PROBLEM DETAILS: Retype each of the records below exactly, leaving the pictures out.

SUPPLIED MATERIAL:
((
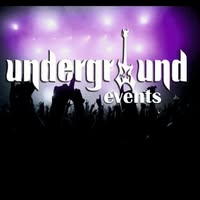 Underground Events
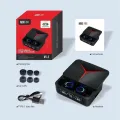 M90 Pro Earbuds True Wireless 8D Stereo Bluetooth Earbuds Waterproof Touch Control Headset With Mic Charging Case. 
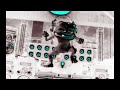 Crazy Frog Afraid | Sponsored By: Mixed Csupo Effects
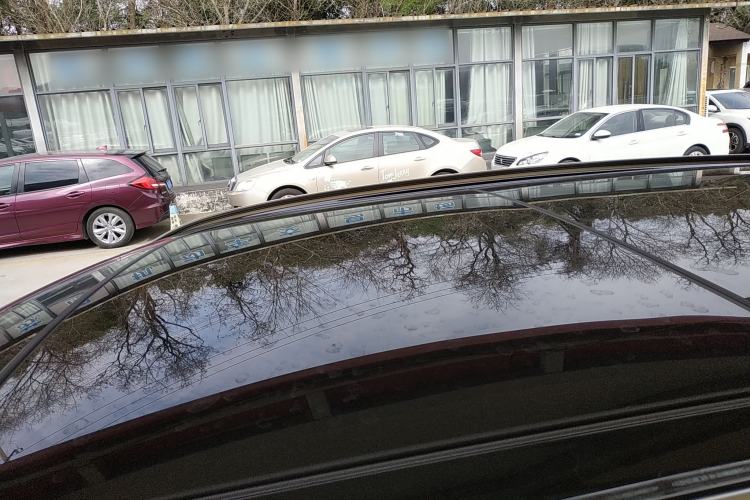 Used Volvo XC60 2024 B5 4x4 Smart Luxury Edition Roof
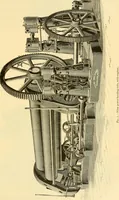 An illustration from Modern mechanism, exhibiting the latest progress in machines, motors, and the transmission of power, being a supplementary volume to Appletons' cyclopaedia of applied mechanics (1892)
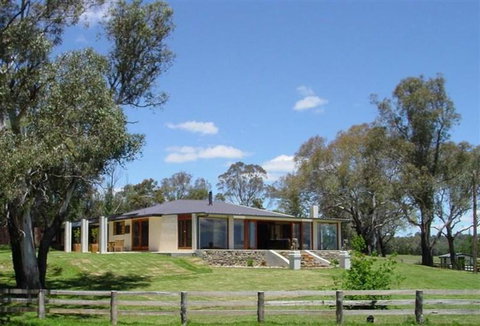 Belmont - Accommodation in Bendigo 27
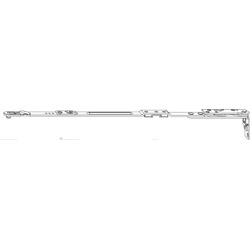 Scherenarm AX 24/13 TBT Gr 5 rs TS K25 Produktbild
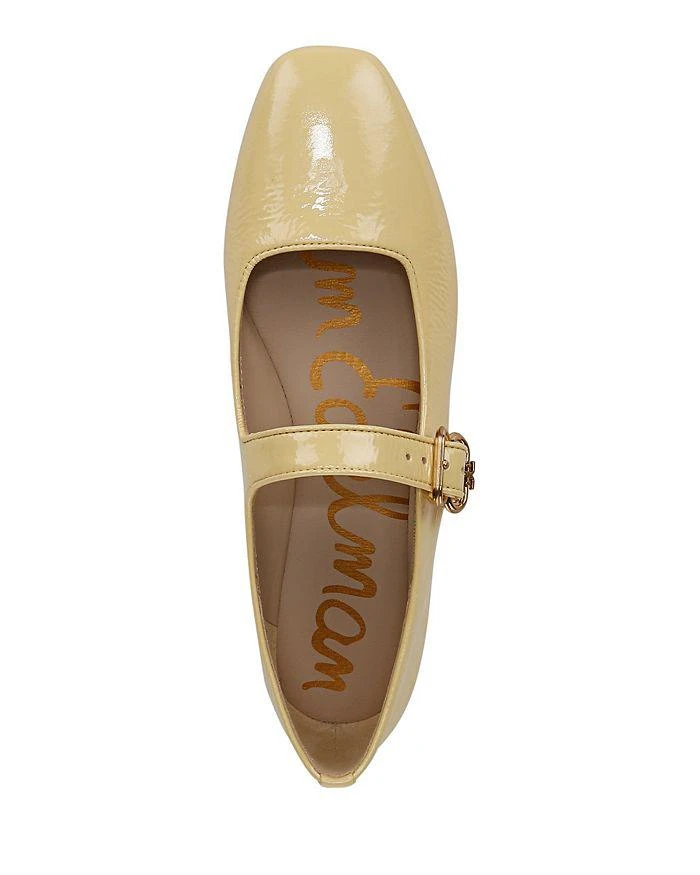 Sam Edelman Women's Michaela Mary Jane Flats 2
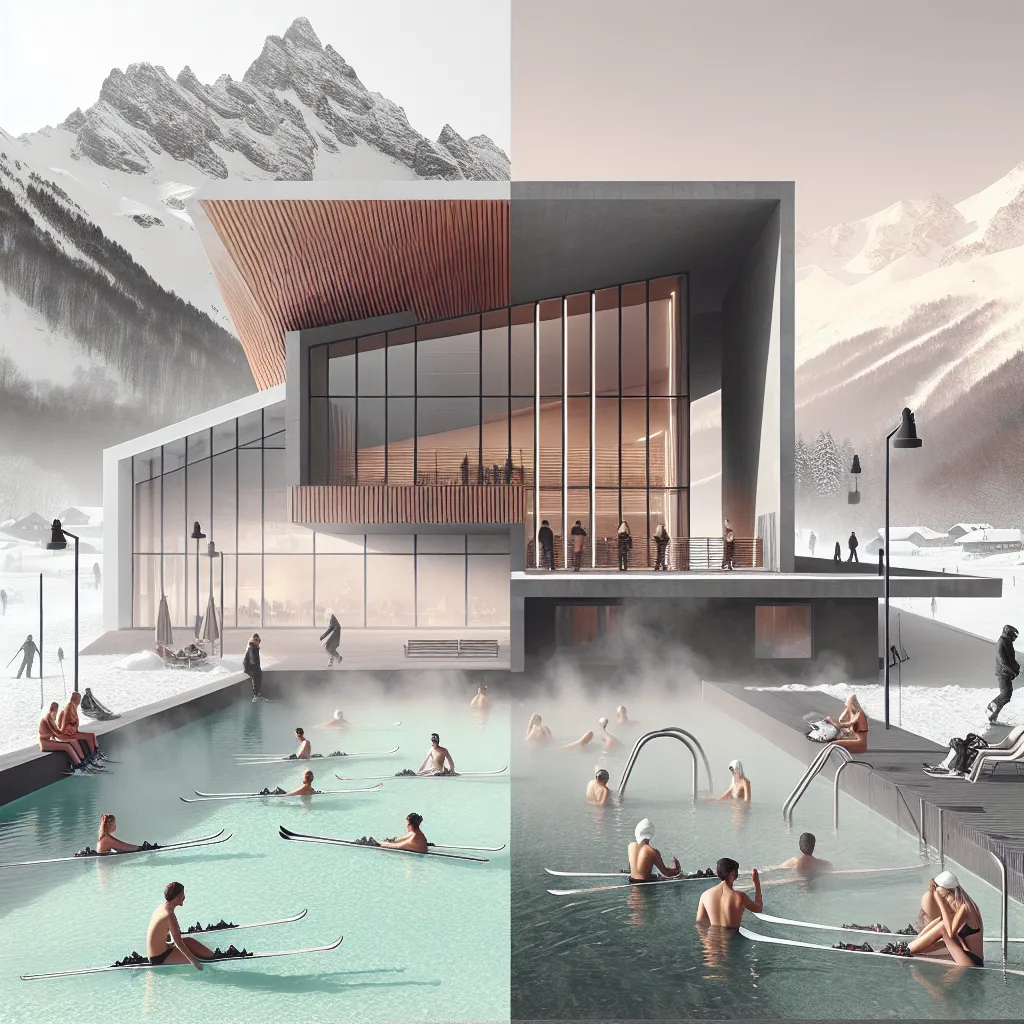 Sensoria Thermal Spa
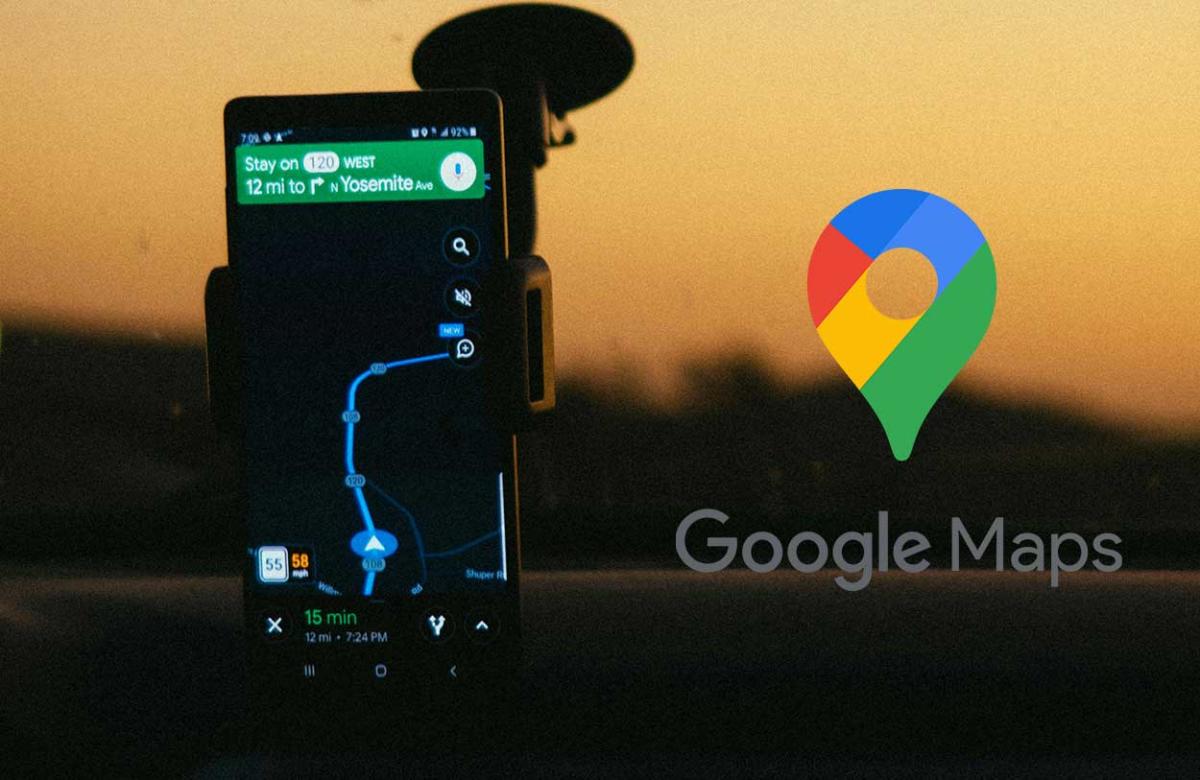 Google Haritalar Çevrimdışı Nasıl Kullanılır?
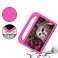 Alogy Stand Case voor Kinderen voor Samsung Galaxy Tab A7 Lite 8.7 T22 foto 2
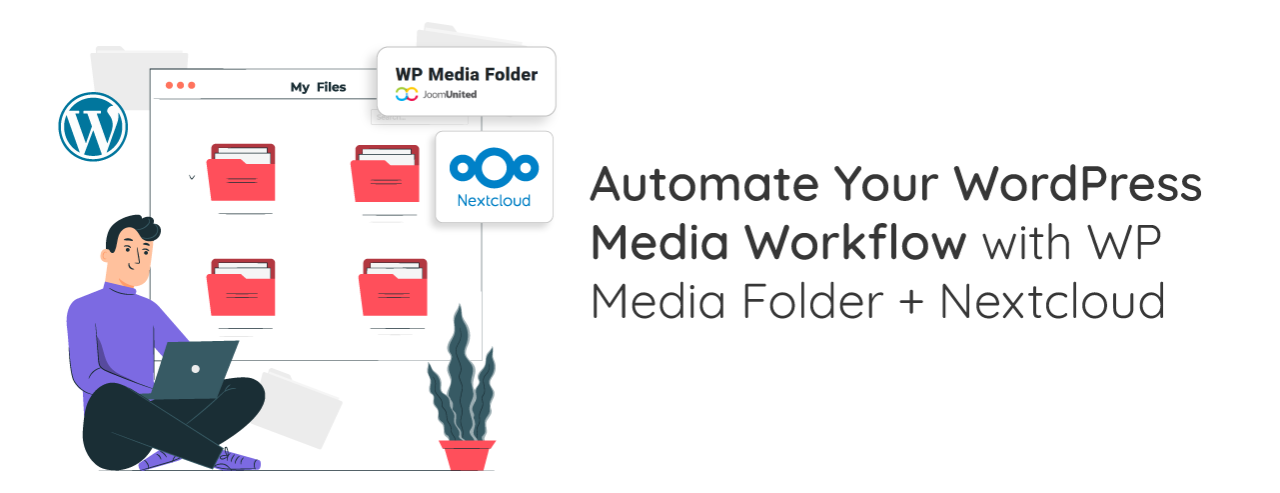 JU_Automate-Your-WordPress-Media-Workflow-with-WP-Media-Folder--Nextcloud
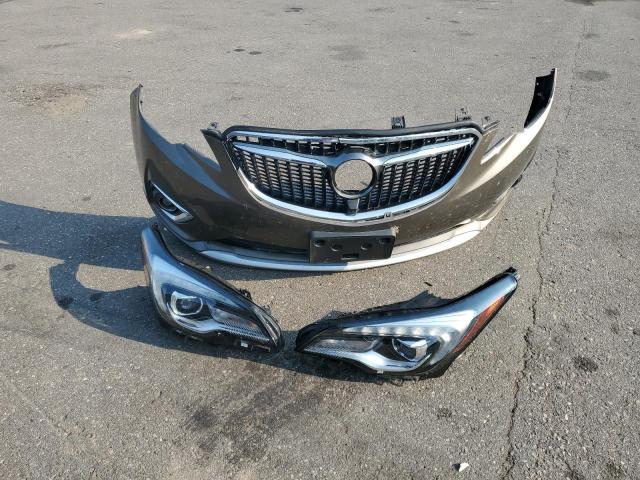 Photo 13 from auction – 2019 BUICK ENVISION P with VIN LRBFX4SX0KD011937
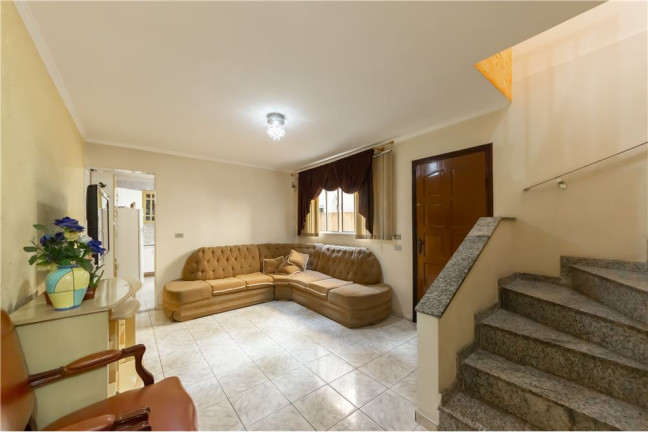 Casa com 4 Quartos à Venda, 175 m² em Jardim Taipas - São Paulo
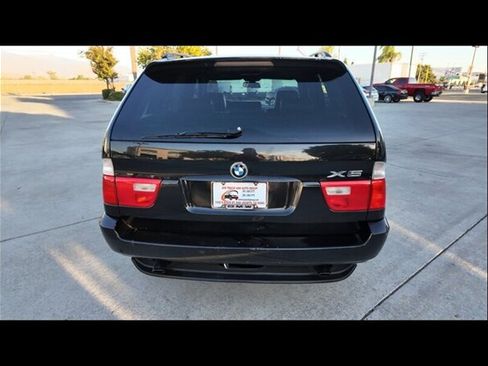 Used 2003 BMW X5 3.0i image 24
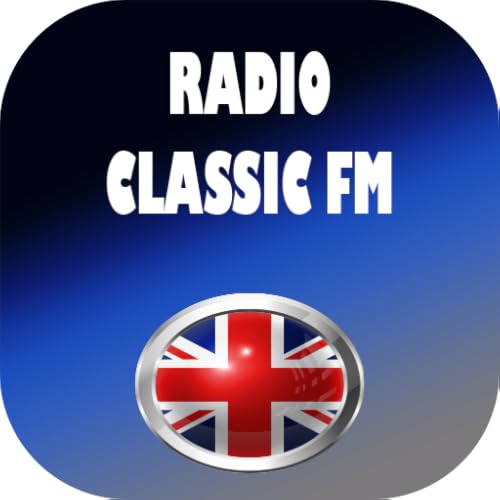 Classic FM UK Radio App Online - Radio United Kingdom FM & AM to Listen on your Phone Or Tablet
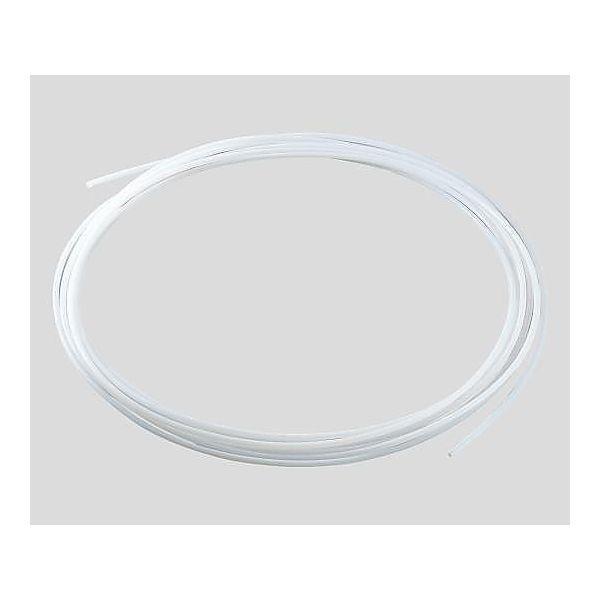 アズワン 2-796-05 PTFEチューブ11M3．17×6．35【1巻】 279605 GUNZE グンゼ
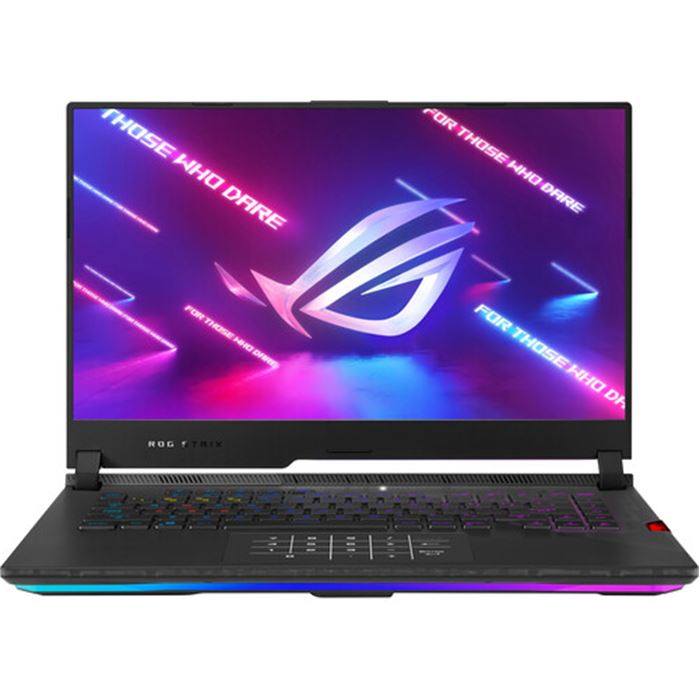 لپ تاپ ایسوس 15.6 اینچی مدل G533QS پردازنده Ryzen 9 5900HX رم 16GB حافظه 1TB SSD گرافیک 16GB 3080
))
OUTPUT:
 Underground Events
 M90 Pro Earbuds True Wireless 8D Stereo Bluetooth Earbuds Waterproof Touch Control Headset With Mic Charging Case. 
 Crazy Frog Afraid | Sponsored By: Mixed Csupo Effects
 Used Volvo XC60 2024 B5 4x4 Smart Luxury Edition Roof
 An illustration from Modern mechanism, exhibiting the latest progress in machines, motors, and the transmission of power, being a supplementary volume to Appletons' cyclopaedia of applied mechanics (1892)
 Belmont - Accommodation in Bendigo 27
 Scherenarm AX 24/13 TBT Gr 5 rs TS K25 Produktbild
 Sam Edelman Women's Michaela Mary Jane Flats 2
 Sensoria Thermal Spa
 Google Haritalar Çevrimdışı Nasıl Kullanılır?
 Alogy Stand Case voor Kinderen voor Samsung Galaxy Tab A7 Lite 8.7 T22 foto 2
 JU_Automate-Your-WordPress-Media-Workflow-with-WP-Media-Folder--Nextcloud
 Photo 13 from auction – 2019 BUICK ENVISION P with VIN LRBFX4SX0KD011937
 Casa com 4 Quartos à Venda, 175 m² em Jardim Taipas - São Paulo
 Used 2003 BMW X5 3.0i image 24
 Classic FM UK Radio App Online - Radio United Kingdom FM & AM to Listen on your Phone Or Tablet
 アズワン 2-796-05 PTFEチューブ11M3．17×6．35【1巻】 279605 GUNZE グンゼ
 لپ تاپ ایسوس 15.6 اینچی مدل G533QS پردازنده Ryzen 9 5900HX رم 16GB حافظه 1TB SSD گرافیک 16GB 3080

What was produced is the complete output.